Please people, take what guardureyes said about filters with the seriousness it deserves. Don't let the YH tell you that you don't need a filter for any reason. There is no reason that I can think of to not have a internet filter on your computer. I recommend K9 (www.k9webprotection.com/). It’s simple and easy to use.

At first, i tried to convince myself that I didn’t need a filter, that I could look without going all the way. It just doesn’t work like that. It’s an addiction, just like guardureyes said. I wouldn't even have access to the filter password. I guess it would be like giving an alcoholic the keys to a locked fridge. The lock isn’t much of a barrier when it can be opened whenever the alcoholic wants a drink.
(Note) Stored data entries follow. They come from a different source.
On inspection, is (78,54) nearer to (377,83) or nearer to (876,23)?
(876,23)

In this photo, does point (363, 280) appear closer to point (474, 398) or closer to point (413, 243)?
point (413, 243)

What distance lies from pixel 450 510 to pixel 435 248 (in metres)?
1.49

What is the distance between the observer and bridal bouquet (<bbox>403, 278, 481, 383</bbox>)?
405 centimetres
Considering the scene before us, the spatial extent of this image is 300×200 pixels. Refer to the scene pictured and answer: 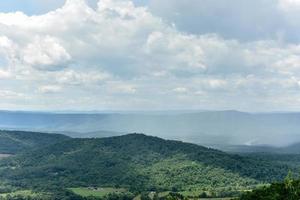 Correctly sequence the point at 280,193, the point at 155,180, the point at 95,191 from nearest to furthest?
1. the point at 280,193
2. the point at 95,191
3. the point at 155,180

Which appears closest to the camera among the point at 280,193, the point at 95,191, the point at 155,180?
the point at 280,193

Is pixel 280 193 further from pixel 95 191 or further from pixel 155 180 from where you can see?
pixel 155 180

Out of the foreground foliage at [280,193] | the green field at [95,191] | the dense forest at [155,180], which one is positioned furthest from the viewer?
the green field at [95,191]

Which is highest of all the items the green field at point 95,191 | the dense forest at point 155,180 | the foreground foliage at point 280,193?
the foreground foliage at point 280,193

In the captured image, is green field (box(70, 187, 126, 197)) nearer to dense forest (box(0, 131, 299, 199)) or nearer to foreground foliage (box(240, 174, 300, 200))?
dense forest (box(0, 131, 299, 199))

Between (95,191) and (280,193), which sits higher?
(280,193)

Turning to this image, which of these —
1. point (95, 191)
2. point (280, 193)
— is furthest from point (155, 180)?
point (280, 193)

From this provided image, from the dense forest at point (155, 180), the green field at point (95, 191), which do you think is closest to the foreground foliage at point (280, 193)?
the dense forest at point (155, 180)

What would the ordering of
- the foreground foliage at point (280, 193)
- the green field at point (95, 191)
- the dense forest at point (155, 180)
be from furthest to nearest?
1. the green field at point (95, 191)
2. the dense forest at point (155, 180)
3. the foreground foliage at point (280, 193)

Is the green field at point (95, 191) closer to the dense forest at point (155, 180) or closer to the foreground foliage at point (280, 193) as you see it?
the dense forest at point (155, 180)

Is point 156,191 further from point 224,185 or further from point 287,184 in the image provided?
point 287,184

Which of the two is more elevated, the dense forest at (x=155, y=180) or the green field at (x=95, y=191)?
the dense forest at (x=155, y=180) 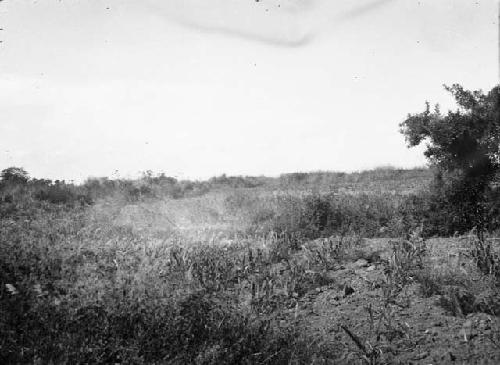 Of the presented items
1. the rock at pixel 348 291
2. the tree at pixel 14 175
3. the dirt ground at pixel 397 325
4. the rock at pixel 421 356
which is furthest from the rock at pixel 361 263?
the tree at pixel 14 175

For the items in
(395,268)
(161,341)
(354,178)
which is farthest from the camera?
(354,178)

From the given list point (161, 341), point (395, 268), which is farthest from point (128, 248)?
point (395, 268)

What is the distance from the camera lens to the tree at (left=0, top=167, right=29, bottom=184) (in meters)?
21.0

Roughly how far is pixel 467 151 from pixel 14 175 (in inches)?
844

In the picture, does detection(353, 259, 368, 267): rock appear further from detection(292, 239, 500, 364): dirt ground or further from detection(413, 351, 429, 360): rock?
detection(413, 351, 429, 360): rock

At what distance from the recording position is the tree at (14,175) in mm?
20953

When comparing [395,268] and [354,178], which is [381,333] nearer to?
[395,268]

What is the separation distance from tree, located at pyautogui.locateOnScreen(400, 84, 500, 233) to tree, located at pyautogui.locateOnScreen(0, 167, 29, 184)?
19310 millimetres

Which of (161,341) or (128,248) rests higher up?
(128,248)

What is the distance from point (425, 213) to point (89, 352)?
8773mm

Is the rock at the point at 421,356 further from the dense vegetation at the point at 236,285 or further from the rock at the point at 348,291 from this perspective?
the rock at the point at 348,291

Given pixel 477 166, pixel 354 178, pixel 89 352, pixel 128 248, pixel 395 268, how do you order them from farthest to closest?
pixel 354 178
pixel 477 166
pixel 128 248
pixel 395 268
pixel 89 352

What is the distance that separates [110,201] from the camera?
17.2 metres

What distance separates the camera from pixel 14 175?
2192cm
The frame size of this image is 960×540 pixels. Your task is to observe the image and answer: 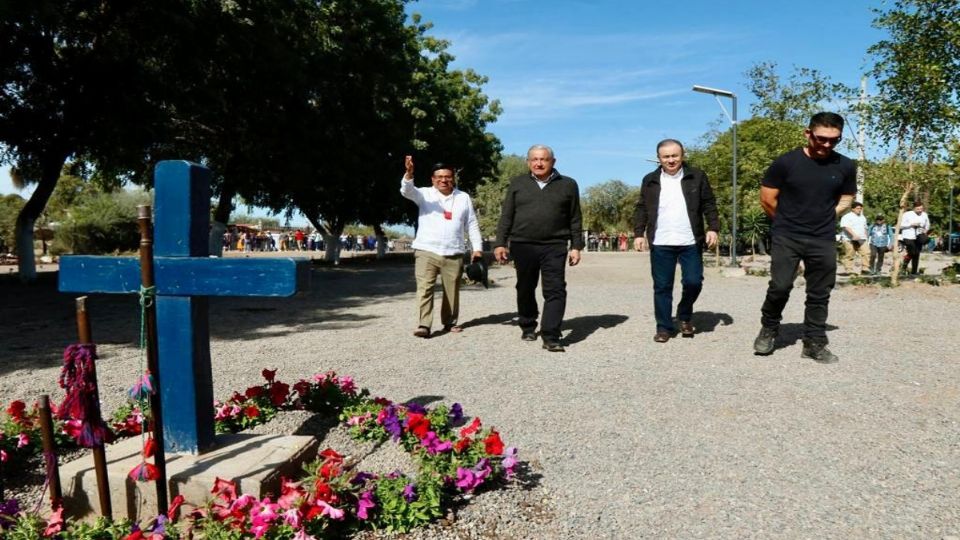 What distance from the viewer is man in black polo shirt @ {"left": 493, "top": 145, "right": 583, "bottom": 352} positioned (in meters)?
6.50

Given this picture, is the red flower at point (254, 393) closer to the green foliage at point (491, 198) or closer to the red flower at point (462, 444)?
the red flower at point (462, 444)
When i didn’t have my filter, i could only go a couple days before failing. When installed a filter, but had access to the password, i could go a week at a time before failing. When i gave up access to the password, my first streak was 18 days (chai!) and I'm on my way to breaking that soon enough.

It gives me peace of mind to know that it’s nearly impossible for me to view the stuff that normally would get me to sin. Imagine how an alcoholic who is 100% committed to overcoming his addiction feels when all around him is alcohol. It’s stressful and leads to so much anxiety...because he so desperately wants to overcome his addiction; his mind cannot be at rest unless the alcohol is outside his reach.

 


People write on Arutz Sheva "Talk-Back"...
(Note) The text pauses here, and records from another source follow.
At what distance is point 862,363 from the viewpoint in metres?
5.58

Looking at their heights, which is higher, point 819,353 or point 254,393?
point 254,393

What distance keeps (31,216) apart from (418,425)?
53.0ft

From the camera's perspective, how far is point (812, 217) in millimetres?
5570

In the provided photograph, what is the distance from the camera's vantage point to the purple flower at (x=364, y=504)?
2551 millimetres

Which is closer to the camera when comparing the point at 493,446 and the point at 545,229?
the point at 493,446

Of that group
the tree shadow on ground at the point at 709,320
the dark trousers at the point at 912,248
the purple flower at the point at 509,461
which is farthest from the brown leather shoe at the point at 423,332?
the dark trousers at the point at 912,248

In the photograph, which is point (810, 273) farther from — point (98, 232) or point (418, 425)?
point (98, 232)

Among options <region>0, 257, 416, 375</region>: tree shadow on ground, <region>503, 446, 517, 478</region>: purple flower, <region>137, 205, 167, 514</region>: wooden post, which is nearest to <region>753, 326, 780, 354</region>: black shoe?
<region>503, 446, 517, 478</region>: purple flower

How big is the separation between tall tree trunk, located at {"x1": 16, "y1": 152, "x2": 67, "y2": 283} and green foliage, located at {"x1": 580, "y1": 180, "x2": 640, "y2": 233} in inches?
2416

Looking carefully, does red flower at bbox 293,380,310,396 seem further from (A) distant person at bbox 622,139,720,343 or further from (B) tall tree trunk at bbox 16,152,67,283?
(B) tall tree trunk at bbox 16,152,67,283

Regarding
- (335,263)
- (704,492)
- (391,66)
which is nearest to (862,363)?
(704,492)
I feel Freed...from Carmel

We downloaded a filter (I asked my wife to do it for me so I wouldn't know the code) and now for the first time in ages I can sit down at the computer without the nagging temptation. I recommend it for everyone.


Menachem from LA writes....

Thank you for the information. My wife brought my attention to this article and said we should do something about it with our boys getting older (14 and 12). Of course, she is right, since I myself am not immune to the temptation. Who possibly could be since it is only a click away? While a parent cannot always control what goes on outside of his house (especially in a town like LA), to everyone who values Judaism, it is our job to guard the sanctity of the Jewish home.


Mother from Efrat...

I wondered what my oldest boy was up to when he disappears for hours into his room. Now I am afraid I know. As is things are very glass shattering between us. I don't know what to do.


Yisrael from Bet El...

Immodesty was the root of the sexual transgression that destroyed the First Temple. The Gemara describes how the Jewish women would prance around immodestly in the streets of Jerusalem to tempt the men, and everyone knows what that leads to. (Yoma 9B). People don't have to throw away their computers, but if parents don't install filters they are transgression the Torah prohibition, "Don't put a stumbling block in front of a blind man."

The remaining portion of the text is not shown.